Task description> Repeat all of the data below word for word, keeping no images.

Dataset extract>
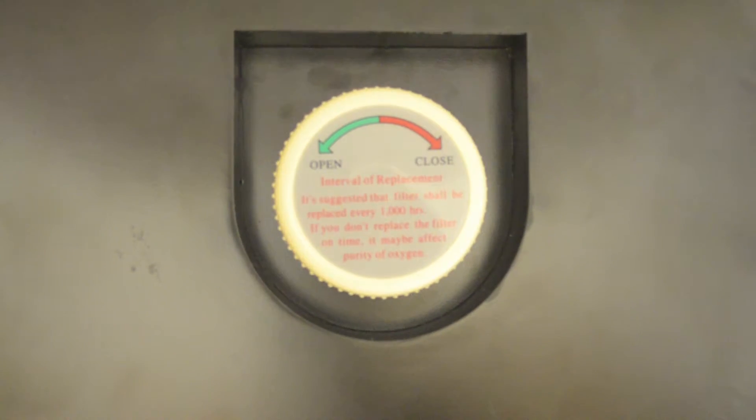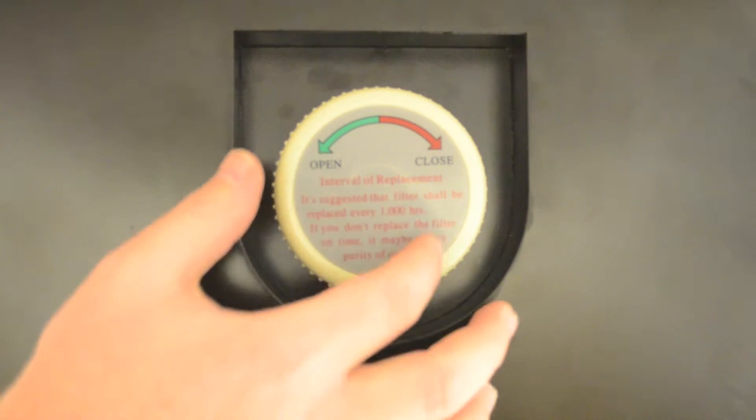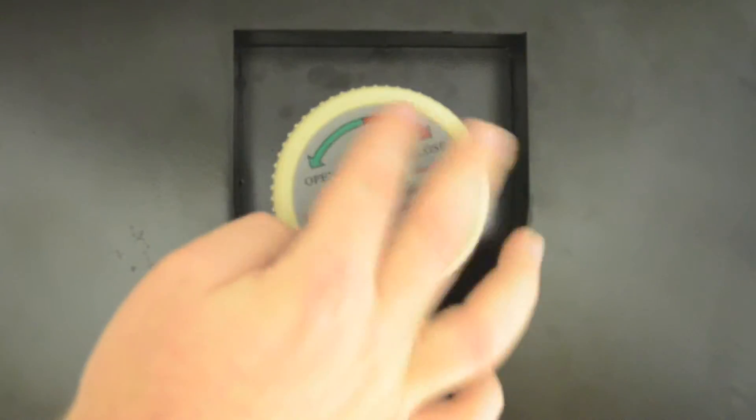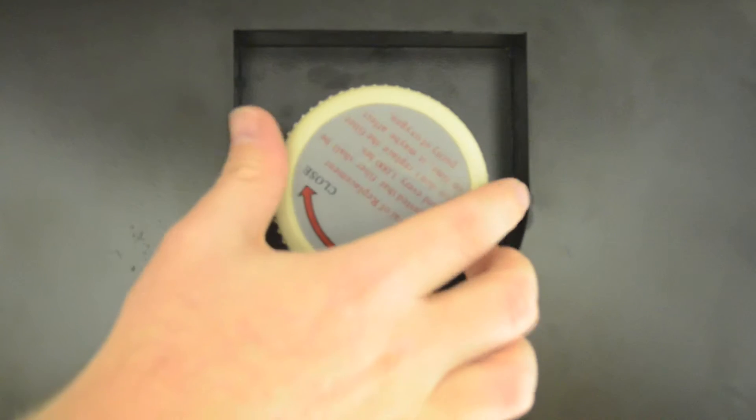The intake filter for the Eris Oxygen Concentrator is located on the left side of the unit. Remove the filter cover and replace the filter as shown.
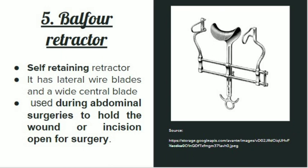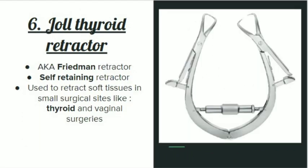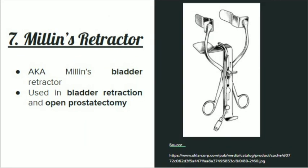The next retractor is Joll's thyroid retractor, also known as the Friedman retractor. It is a self-retaining retractor — as you can see, it has a system of screws in the center. It is used to retract soft tissues in small surgical sites like thyroid and vaginal surgeries.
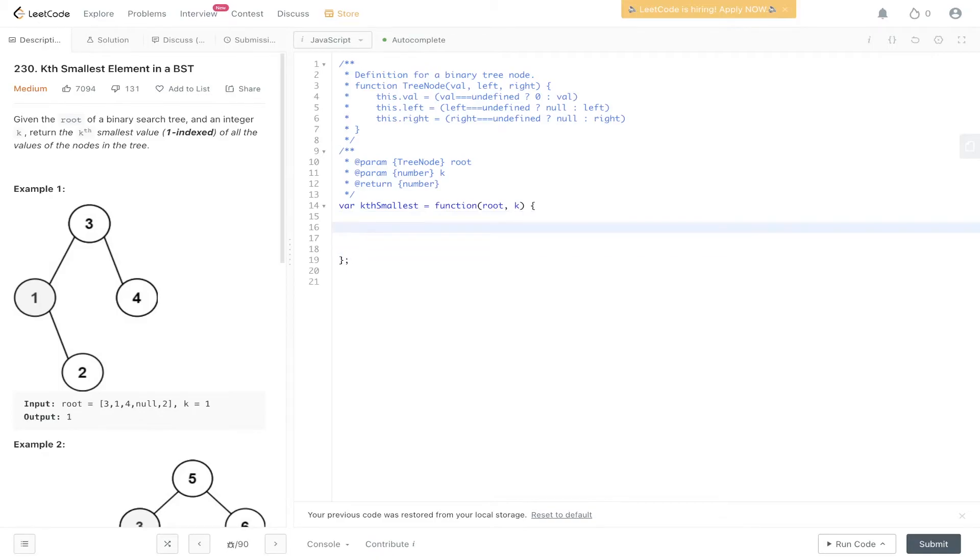Let's write this out. Let's declare a variable called r which is going to contain the in-order traversal of this binary search tree. Let's create that function.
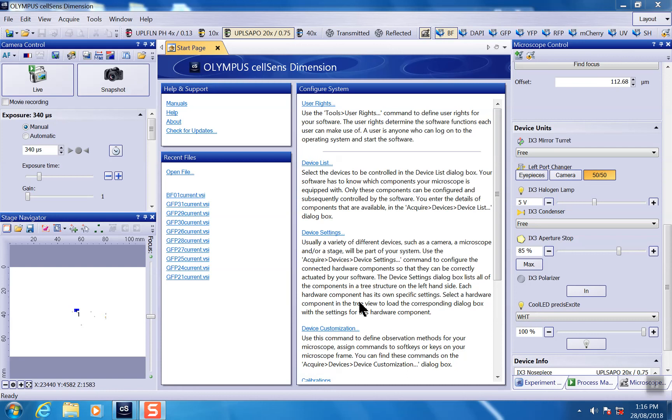Now I'm going to show you guys how to do a shading correction. Shading correction is very useful if you take a large area image and try to stitch them together.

Exercise answer>
The intake filter for the Eris Oxygen Concentrator is located on the left side of the unit. Remove the filter cover and replace the filter as shown.
The next retractor is Joll's thyroid retractor, also known as the Friedman retractor. It is a self-retaining retractor — as you can see, it has a system of screws in the center. It is used to retract soft tissues in small surgical sites like thyroid and vaginal surgeries.
Let's write this out. Let's declare a variable called r which is going to contain the in-order traversal of this binary search tree. Let's create that function.
Now I'm going to show you guys how to do a shading correction. Shading correction is very useful if you take a large area image and try to stitch them together.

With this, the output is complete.